----- MATERIAL FOR THIS TASK
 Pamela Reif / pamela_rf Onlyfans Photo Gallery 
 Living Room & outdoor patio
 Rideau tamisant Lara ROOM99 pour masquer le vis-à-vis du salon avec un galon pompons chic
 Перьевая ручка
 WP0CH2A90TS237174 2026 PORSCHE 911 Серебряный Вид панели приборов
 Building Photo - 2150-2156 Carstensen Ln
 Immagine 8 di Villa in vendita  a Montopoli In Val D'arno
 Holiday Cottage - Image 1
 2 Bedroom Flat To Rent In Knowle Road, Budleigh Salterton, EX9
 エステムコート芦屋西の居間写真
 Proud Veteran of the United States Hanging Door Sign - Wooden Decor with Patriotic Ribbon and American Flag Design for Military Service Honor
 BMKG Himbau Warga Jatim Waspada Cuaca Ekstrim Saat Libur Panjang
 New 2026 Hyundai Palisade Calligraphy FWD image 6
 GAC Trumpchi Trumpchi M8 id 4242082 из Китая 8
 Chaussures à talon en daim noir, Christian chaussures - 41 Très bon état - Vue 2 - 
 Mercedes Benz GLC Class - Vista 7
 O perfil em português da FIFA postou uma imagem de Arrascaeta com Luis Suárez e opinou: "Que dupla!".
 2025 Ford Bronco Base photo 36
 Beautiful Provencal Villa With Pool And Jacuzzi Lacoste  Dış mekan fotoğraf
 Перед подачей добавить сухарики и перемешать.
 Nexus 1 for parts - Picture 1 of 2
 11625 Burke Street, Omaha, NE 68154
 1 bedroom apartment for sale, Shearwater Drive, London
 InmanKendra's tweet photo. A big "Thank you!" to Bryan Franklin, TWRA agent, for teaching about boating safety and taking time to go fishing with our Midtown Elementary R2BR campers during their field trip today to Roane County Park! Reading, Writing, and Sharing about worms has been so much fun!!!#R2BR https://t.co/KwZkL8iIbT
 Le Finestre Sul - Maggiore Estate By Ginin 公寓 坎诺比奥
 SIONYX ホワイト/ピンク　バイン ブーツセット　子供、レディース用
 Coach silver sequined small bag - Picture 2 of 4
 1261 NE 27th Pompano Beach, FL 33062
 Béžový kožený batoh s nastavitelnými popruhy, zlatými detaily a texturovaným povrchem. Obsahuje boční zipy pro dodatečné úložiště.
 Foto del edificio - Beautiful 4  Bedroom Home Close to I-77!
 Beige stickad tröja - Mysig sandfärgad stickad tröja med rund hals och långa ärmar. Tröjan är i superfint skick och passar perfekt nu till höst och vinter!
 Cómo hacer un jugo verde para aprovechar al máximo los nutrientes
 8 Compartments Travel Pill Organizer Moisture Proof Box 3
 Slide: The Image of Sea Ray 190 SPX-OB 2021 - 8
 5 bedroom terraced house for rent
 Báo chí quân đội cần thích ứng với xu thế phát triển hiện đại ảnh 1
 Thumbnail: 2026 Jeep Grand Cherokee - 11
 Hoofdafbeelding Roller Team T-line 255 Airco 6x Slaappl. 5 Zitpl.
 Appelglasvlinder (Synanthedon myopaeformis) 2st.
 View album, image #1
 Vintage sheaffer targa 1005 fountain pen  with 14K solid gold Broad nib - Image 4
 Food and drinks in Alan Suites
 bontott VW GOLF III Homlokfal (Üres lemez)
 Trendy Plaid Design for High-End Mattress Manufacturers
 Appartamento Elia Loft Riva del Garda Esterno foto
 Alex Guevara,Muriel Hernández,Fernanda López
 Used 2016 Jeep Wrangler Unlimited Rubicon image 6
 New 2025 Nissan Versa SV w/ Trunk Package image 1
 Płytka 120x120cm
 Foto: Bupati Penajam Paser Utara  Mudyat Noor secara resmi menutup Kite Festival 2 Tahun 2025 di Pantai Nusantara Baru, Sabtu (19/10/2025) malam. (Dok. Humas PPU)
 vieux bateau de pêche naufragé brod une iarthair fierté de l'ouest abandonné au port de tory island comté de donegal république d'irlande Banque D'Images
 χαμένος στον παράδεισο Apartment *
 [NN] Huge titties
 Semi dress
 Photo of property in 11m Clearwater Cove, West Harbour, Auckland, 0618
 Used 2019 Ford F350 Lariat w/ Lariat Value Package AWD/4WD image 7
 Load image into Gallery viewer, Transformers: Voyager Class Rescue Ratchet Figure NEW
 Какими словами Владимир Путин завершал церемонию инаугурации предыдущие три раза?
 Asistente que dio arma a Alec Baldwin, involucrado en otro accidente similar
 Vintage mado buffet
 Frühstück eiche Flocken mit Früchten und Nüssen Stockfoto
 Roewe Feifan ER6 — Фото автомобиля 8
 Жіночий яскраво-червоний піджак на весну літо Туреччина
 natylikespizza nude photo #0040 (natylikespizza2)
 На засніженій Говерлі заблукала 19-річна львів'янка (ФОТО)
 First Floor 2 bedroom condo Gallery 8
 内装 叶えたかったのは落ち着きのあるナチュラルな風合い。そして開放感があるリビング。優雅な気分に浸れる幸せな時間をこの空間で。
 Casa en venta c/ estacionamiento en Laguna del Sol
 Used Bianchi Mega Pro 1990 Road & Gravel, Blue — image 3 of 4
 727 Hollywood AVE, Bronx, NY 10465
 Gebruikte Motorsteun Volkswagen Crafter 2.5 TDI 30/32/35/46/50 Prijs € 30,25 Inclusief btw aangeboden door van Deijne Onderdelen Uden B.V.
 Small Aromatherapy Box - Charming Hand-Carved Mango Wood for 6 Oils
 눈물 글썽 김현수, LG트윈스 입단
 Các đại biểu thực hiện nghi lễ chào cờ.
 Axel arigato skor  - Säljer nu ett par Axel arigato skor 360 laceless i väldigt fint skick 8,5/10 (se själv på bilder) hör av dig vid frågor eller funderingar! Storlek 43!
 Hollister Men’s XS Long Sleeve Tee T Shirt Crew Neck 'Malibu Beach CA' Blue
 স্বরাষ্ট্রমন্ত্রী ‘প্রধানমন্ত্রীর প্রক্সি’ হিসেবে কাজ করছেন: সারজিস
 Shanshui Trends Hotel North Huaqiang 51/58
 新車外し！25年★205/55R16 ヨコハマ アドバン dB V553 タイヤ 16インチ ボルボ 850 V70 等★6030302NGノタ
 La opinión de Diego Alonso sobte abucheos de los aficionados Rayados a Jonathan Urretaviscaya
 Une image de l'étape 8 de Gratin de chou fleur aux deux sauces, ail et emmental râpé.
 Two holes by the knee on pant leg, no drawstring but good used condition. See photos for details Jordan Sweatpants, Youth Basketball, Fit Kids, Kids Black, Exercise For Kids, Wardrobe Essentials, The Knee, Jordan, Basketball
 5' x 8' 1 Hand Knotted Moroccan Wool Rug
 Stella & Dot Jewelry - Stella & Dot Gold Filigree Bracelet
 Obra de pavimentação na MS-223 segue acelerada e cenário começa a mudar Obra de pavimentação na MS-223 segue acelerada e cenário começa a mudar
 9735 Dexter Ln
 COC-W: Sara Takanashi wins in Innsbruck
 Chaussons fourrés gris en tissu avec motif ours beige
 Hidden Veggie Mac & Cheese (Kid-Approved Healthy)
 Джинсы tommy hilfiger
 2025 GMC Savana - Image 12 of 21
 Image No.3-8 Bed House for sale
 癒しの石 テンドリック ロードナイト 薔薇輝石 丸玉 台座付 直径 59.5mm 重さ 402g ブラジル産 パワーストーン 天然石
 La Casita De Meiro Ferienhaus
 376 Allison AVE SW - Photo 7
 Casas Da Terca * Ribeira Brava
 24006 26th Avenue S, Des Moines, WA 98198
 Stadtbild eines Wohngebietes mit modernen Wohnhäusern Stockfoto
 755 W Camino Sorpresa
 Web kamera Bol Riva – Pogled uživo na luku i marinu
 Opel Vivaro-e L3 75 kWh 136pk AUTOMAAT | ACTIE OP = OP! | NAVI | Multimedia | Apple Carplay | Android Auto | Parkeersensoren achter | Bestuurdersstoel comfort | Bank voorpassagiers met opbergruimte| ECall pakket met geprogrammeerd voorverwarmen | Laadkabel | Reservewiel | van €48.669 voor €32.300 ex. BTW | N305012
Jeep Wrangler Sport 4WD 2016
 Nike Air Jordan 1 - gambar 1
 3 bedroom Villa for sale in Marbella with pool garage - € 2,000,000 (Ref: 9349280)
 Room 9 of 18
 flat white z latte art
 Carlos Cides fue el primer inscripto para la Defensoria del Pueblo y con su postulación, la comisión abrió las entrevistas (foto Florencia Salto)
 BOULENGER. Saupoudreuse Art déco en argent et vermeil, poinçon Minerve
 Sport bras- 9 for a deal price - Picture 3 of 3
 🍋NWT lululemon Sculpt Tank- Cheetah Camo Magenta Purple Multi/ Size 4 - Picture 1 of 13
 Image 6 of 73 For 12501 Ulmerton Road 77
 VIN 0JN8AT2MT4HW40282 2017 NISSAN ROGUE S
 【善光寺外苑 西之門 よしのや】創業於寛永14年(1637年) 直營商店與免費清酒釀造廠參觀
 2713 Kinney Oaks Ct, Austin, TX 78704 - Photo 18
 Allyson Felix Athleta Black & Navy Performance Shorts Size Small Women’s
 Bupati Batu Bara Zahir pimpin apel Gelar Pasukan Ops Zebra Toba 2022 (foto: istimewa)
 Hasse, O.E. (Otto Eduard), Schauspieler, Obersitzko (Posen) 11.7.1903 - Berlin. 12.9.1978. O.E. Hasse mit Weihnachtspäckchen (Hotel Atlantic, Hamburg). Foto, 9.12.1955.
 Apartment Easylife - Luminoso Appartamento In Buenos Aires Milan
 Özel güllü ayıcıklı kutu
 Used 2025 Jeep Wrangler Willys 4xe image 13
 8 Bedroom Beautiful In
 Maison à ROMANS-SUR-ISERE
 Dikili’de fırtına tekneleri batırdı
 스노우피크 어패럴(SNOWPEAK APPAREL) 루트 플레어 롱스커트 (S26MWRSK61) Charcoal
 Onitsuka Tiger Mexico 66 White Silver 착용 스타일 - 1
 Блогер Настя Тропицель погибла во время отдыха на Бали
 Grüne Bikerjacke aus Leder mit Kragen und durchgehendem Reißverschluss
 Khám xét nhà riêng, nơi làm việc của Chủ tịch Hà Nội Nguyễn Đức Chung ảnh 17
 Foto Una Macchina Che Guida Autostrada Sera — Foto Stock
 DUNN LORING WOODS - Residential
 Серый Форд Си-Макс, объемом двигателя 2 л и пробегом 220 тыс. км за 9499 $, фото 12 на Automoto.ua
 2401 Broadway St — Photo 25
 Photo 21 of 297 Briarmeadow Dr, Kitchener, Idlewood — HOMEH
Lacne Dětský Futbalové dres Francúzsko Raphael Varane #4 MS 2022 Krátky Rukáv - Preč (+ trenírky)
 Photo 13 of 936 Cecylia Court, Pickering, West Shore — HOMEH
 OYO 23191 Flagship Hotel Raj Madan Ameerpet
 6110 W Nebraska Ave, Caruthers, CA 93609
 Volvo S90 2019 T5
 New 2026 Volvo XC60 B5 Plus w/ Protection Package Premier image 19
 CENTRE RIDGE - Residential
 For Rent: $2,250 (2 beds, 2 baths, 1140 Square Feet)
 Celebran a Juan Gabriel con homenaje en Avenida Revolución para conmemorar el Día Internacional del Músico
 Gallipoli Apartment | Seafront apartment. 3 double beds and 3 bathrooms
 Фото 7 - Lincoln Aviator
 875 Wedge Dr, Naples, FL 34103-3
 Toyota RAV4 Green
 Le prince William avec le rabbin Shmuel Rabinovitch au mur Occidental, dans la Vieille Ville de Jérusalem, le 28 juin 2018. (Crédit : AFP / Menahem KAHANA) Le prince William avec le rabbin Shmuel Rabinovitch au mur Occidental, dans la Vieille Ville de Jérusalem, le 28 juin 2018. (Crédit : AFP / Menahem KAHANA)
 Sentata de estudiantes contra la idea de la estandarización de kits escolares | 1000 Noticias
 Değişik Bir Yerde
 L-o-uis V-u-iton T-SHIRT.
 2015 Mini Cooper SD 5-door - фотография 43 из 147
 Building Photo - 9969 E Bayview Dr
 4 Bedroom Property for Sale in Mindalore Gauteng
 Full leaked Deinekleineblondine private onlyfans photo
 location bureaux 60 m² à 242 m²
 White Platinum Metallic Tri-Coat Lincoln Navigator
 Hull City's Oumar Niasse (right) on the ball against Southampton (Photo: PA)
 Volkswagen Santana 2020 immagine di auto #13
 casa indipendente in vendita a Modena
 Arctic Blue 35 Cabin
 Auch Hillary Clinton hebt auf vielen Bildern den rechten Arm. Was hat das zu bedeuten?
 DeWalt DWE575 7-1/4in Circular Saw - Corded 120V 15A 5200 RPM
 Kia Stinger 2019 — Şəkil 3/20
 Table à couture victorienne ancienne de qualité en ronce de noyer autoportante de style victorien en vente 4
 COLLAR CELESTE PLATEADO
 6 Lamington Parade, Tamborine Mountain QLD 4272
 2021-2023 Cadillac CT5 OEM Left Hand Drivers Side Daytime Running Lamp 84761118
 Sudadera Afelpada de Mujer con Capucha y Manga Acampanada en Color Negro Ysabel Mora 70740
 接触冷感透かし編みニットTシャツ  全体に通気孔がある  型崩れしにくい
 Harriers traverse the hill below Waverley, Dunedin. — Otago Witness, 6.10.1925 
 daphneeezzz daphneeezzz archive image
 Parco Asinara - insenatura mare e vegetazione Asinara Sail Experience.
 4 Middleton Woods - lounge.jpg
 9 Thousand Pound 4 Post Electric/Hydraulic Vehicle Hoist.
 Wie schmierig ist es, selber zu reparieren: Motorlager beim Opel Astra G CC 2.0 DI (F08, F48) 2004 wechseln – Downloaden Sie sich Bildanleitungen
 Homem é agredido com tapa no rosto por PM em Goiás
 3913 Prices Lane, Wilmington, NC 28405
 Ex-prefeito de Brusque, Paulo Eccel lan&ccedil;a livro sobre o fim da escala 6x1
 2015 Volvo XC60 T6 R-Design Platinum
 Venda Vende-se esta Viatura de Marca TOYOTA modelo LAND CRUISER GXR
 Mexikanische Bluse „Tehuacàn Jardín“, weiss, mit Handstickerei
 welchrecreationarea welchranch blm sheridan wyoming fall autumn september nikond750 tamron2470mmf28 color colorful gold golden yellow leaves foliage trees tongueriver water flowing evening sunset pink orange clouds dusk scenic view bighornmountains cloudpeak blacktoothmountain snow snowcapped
----------
> [EXERCISE INSTRUCTIONS] From the data above, output only the lines between the line containing "flat white z latte art" and the line containing "2401 Broadway St — Photo 25", inclusive, exactly as written.

> [RESPONSE TO THIS EXERCISE]
 flat white z latte art
 Carlos Cides fue el primer inscripto para la Defensoria del Pueblo y con su postulación, la comisión abrió las entrevistas (foto Florencia Salto)
 BOULENGER. Saupoudreuse Art déco en argent et vermeil, poinçon Minerve
 Sport bras- 9 for a deal price - Picture 3 of 3
 🍋NWT lululemon Sculpt Tank- Cheetah Camo Magenta Purple Multi/ Size 4 - Picture 1 of 13
 Image 6 of 73 For 12501 Ulmerton Road 77
 VIN 0JN8AT2MT4HW40282 2017 NISSAN ROGUE S
 【善光寺外苑 西之門 よしのや】創業於寛永14年(1637年) 直營商店與免費清酒釀造廠參觀
 2713 Kinney Oaks Ct, Austin, TX 78704 - Photo 18
 Allyson Felix Athleta Black & Navy Performance Shorts Size Small Women’s
 Bupati Batu Bara Zahir pimpin apel Gelar Pasukan Ops Zebra Toba 2022 (foto: istimewa)
 Hasse, O.E. (Otto Eduard), Schauspieler, Obersitzko (Posen) 11.7.1903 - Berlin. 12.9.1978. O.E. Hasse mit Weihnachtspäckchen (Hotel Atlantic, Hamburg). Foto, 9.12.1955.
 Apartment Easylife - Luminoso Appartamento In Buenos Aires Milan
 Özel güllü ayıcıklı kutu
 Used 2025 Jeep Wrangler Willys 4xe image 13
 8 Bedroom Beautiful In
 Maison à ROMANS-SUR-ISERE
 Dikili’de fırtına tekneleri batırdı
 스노우피크 어패럴(SNOWPEAK APPAREL) 루트 플레어 롱스커트 (S26MWRSK61) Charcoal
 Onitsuka Tiger Mexico 66 White Silver 착용 스타일 - 1
 Блогер Настя Тропицель погибла во время отдыха на Бали
 Grüne Bikerjacke aus Leder mit Kragen und durchgehendem Reißverschluss
 Khám xét nhà riêng, nơi làm việc của Chủ tịch Hà Nội Nguyễn Đức Chung ảnh 17
 Foto Una Macchina Che Guida Autostrada Sera — Foto Stock
 DUNN LORING WOODS - Residential
 Серый Форд Си-Макс, объемом двигателя 2 л и пробегом 220 тыс. км за 9499 $, фото 12 на Automoto.ua
 2401 Broadway St — Photo 25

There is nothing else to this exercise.